As a writer who grew up "nourished by Western thought and literature", what was the biggest difficulty and challenge for Xu Zhiyuan to write a biography of Liang Qichao?

Xu Zhiyuan's biography of Liang Qichao is a decade-long writing project. Young Changemakers: Liang Qichao (1873-1898) is the first volume, followed by the second and third volumes. Recently, at the award ceremony of the first Wenjing Historical Writing Award, Xu Zhiyuan talked about his confusion and understanding of writing the second volume of "Young Changemakers".
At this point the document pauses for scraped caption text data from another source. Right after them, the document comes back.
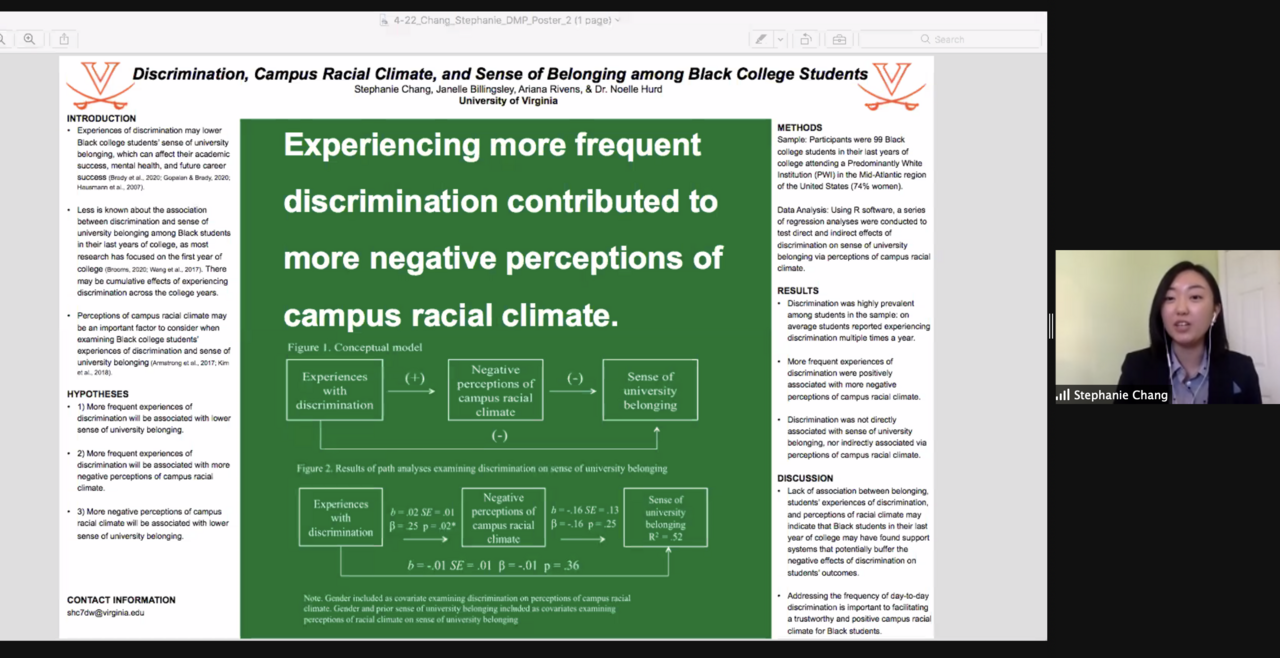 A photo of Stephanie Chang presenting her research on Zoom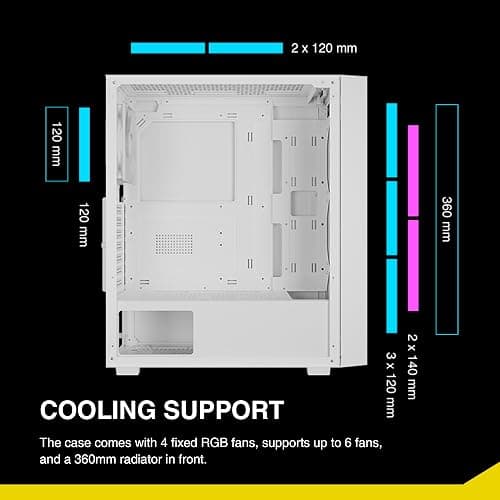 GAMDIAS White ATX Mid Tower Gaming Computer PC Case with Side Tempered Glass, Preinstalled 4X 120mm ARGB Fans, Support Up to 6X 120mm Fans, 360mm AIO/Radiator, 340mm GPU/VGA, 160mm CPU Air Cooler thumbnail 2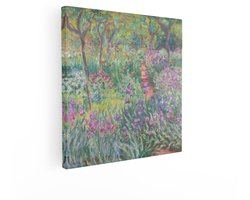 Artaza Canvas Schilderij Impressionistische Tuin met Irissen en een Pad - Geschilderd door Claude Monet - 50x50 cm - Wanddecoratie Woonkamer - Schilderijen - Muurdecoratie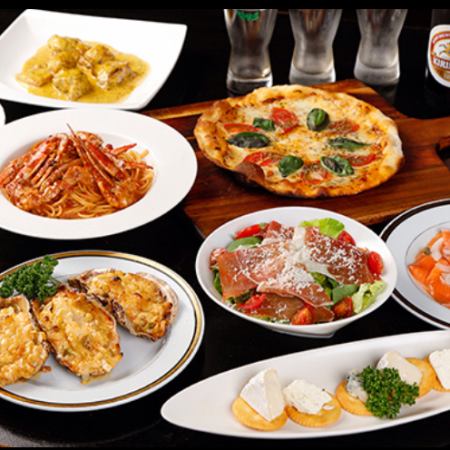 圧巻のコスパ！飲み放題付き2時間30分【海老・鶏肉スペシャルコース5600円】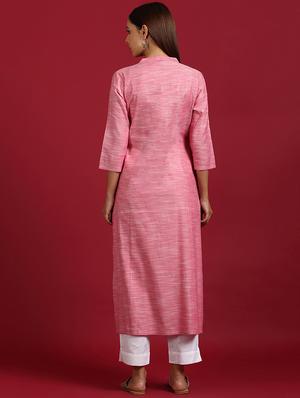 solid straight kurta - 17410054 - Standard Image - 3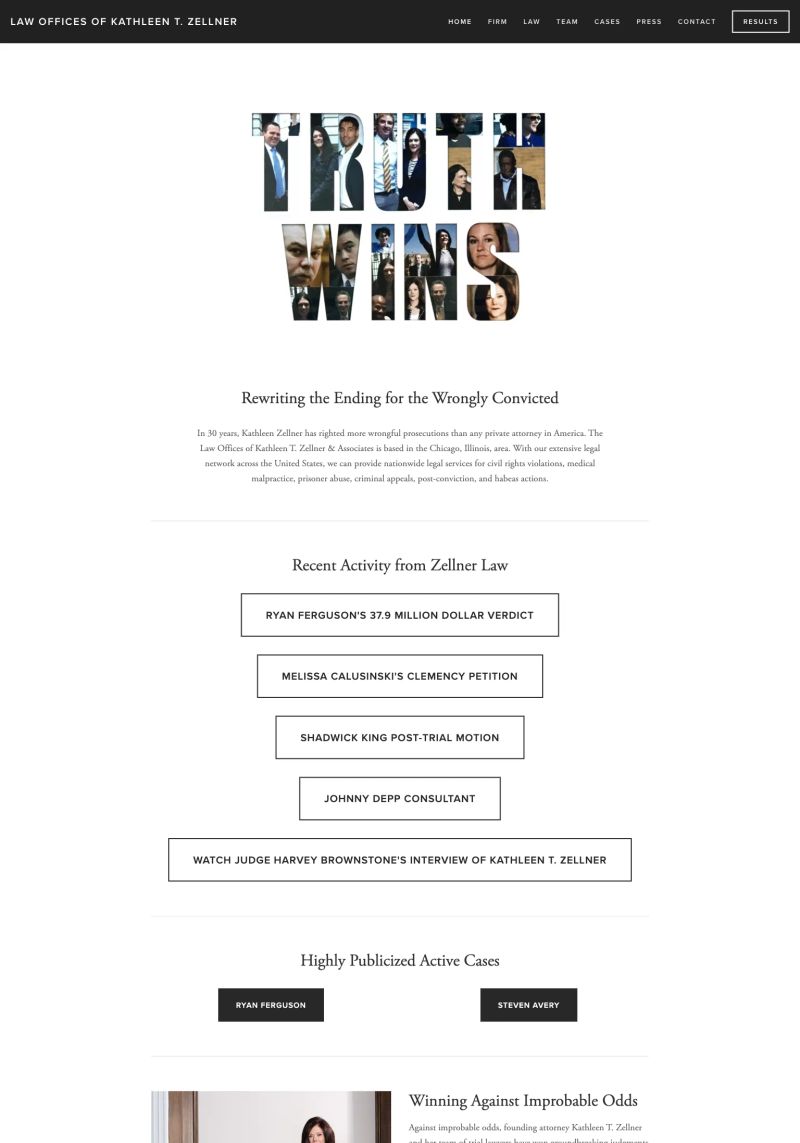 Law Offices of Kathleen T. Zellner & Associates screenshot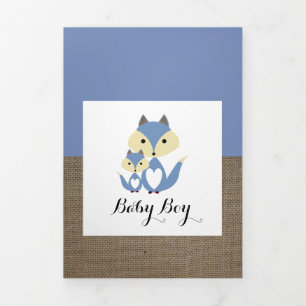 Blue Fox Burlap, 5 Foto Collage Baby Birth Dreifach Gefaltete Ankündigung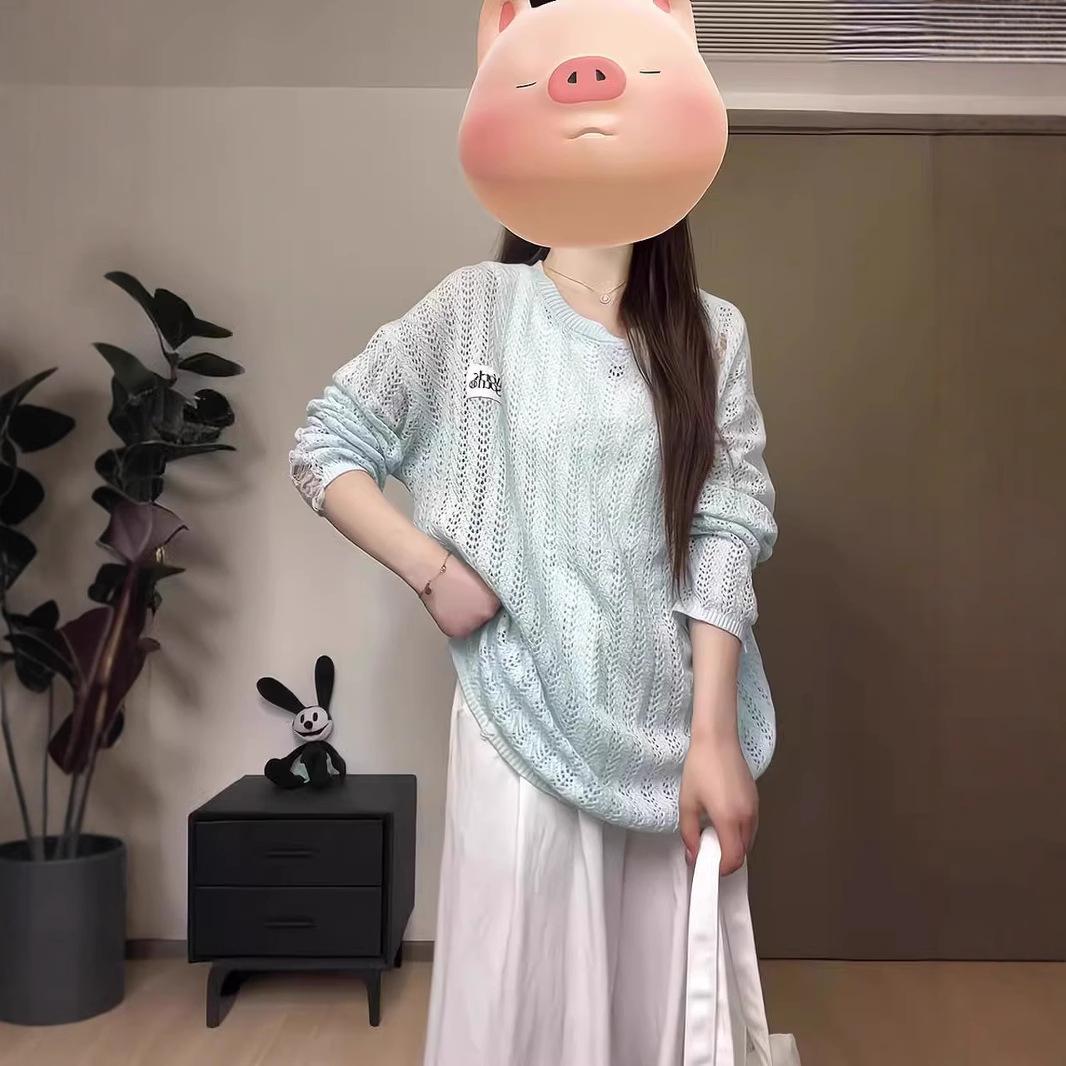 

Casual Round Neck Pullover Knitted Top Chic Summer Hollow Hole Sun Protection Cover S светло-синий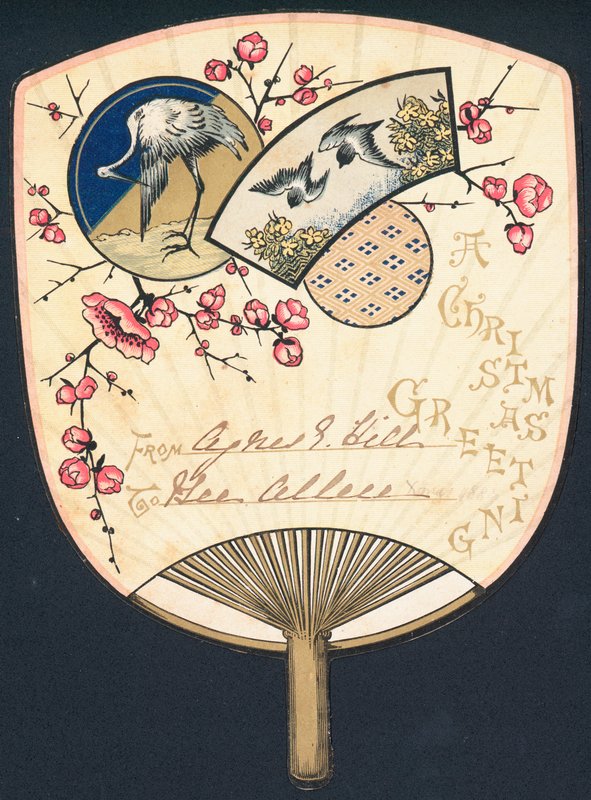 Oiseaux sur un éventail, Carte de Noël - English School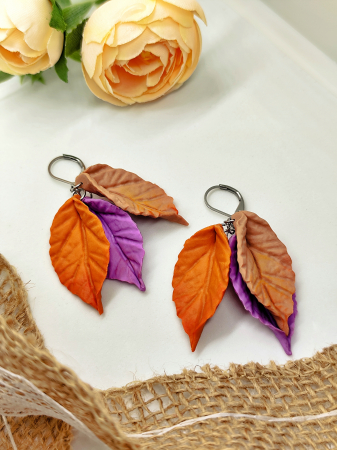 Cercei & coliere - Cercei Leafy Beige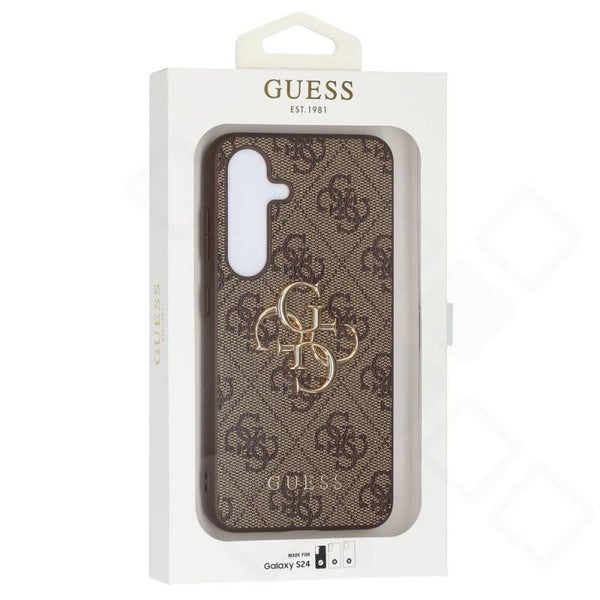 Guess 4G Metal Logo Handyhülle für Samsung Galaxy S24 – Braun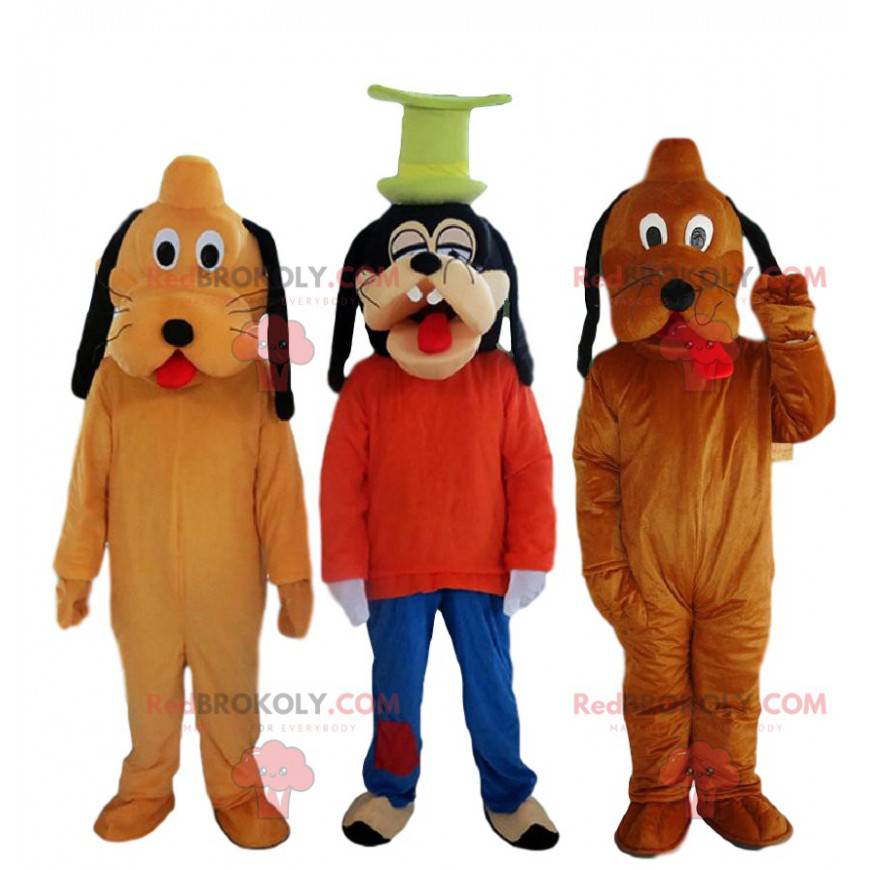 3 Maskottchen, 2 Pluto-Hunde und ein Disney Goofy-Maskottchen -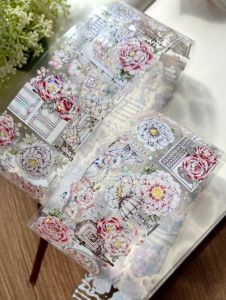 Fairy Lights Journal - READY STOCK/ art journaling/ scrapbook deco/ ZYS: Snow Peony floral PET tape with raised shell effect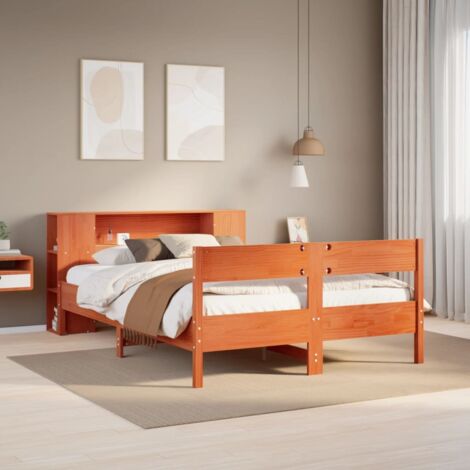 Lit bibliothèque sans matelas-Lit Adulte avec rangements cire marron 150x200 cm pin massif 580114 (1/5)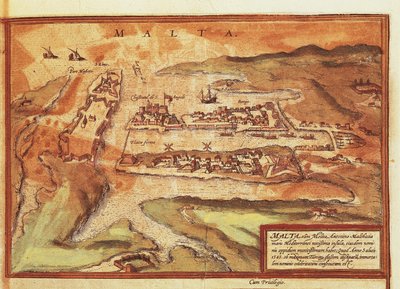 ゲオルグ・ブラウンの「Civitates Orbis Terrarum」よりマルタ島の地図 作： Georg Braun and Hogenberg Franz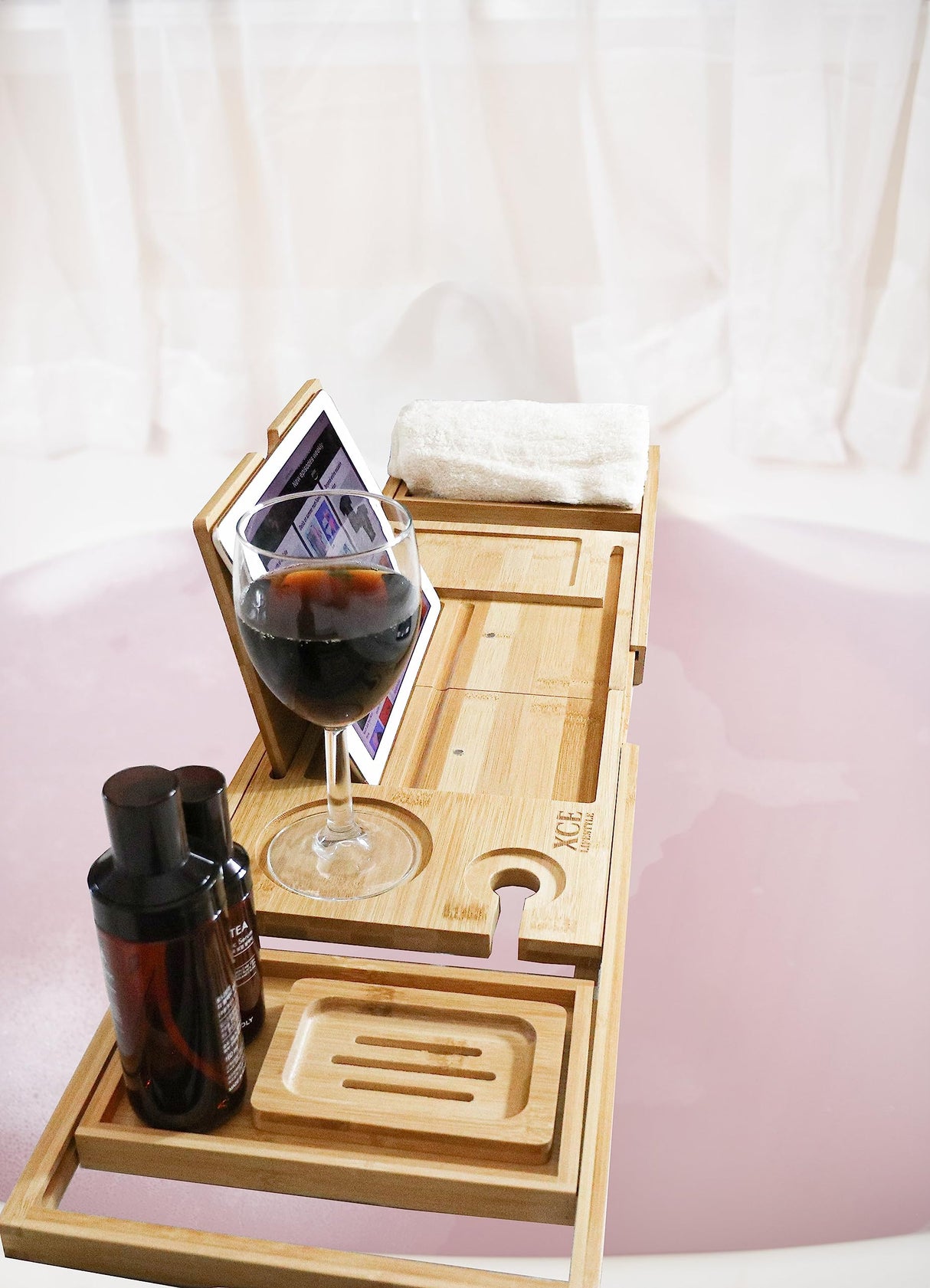 XcE Foldable Bathtub Tray Expandable to 105cm for Luxury Bath, Bath Tray for Bathtub (Bamboo) XcE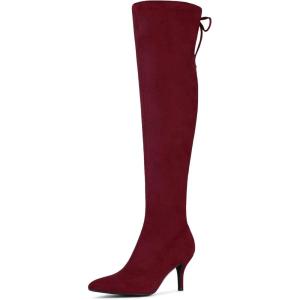 imageAllegra K Womens Stiletto Heels Thigh High Over the Burgundy Knee High Boots 7 M US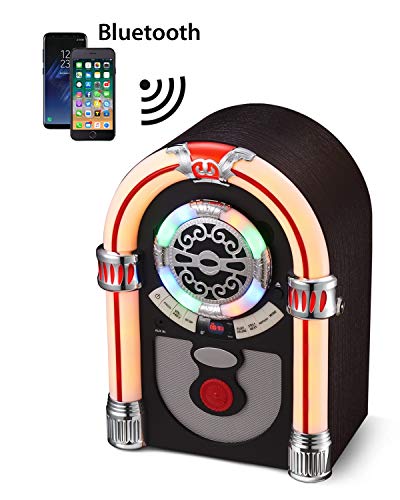 UEME Retro Tabletop Jukebox with CD Player, Bluetooth, FM Radio, AUX-in Port and Color Changing LED Lights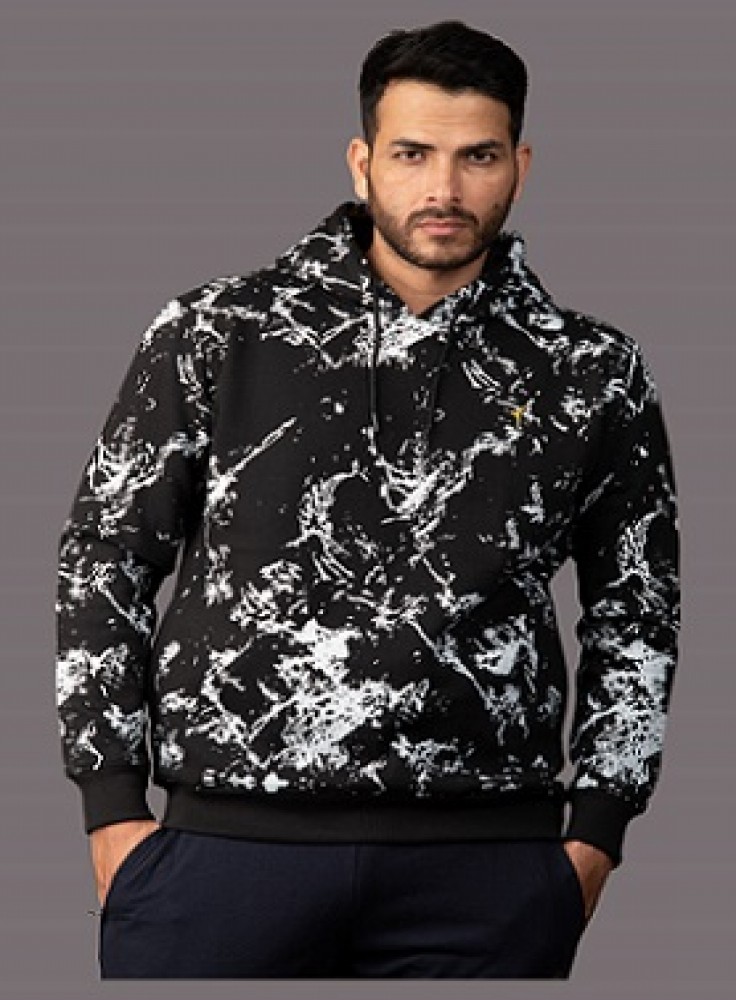 R M R Sports Printed Black Hoodie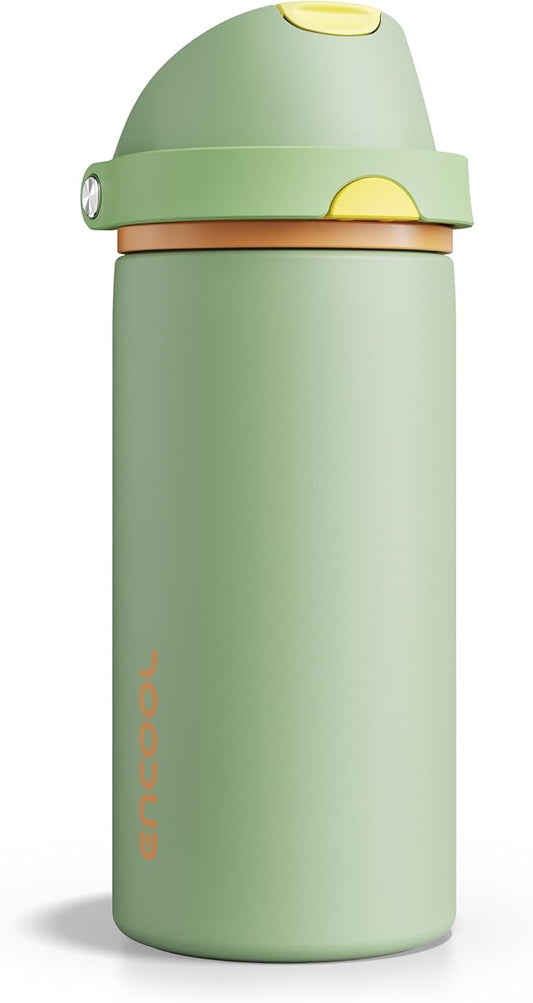 Insulated Water Bottle with Straw - Encool Stainless Steel Water Bottle with Push Button Lid, Leak-Proof & BPA-Free, Keeps Cold for 24 Hours for Sports, Travel, Gym (18 oz, Lichen-Yellow)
The second volume is about Liang Qichao's exile in Japan. It was the beginning of the twentieth century that Liang Qi traveled to Japan and to the United States, which was in the Gilded Age, and other places. At that time, the various ideological trends that were breeding in those places, the chaotic and vital social changes that were taking place, how did Liang Qichao understand these? Far from China, as a bystander, how does he observe changes within China? In the face of a situation with many clues and complicated historical materials, long-term investment in it is very unaffected by emotional factors.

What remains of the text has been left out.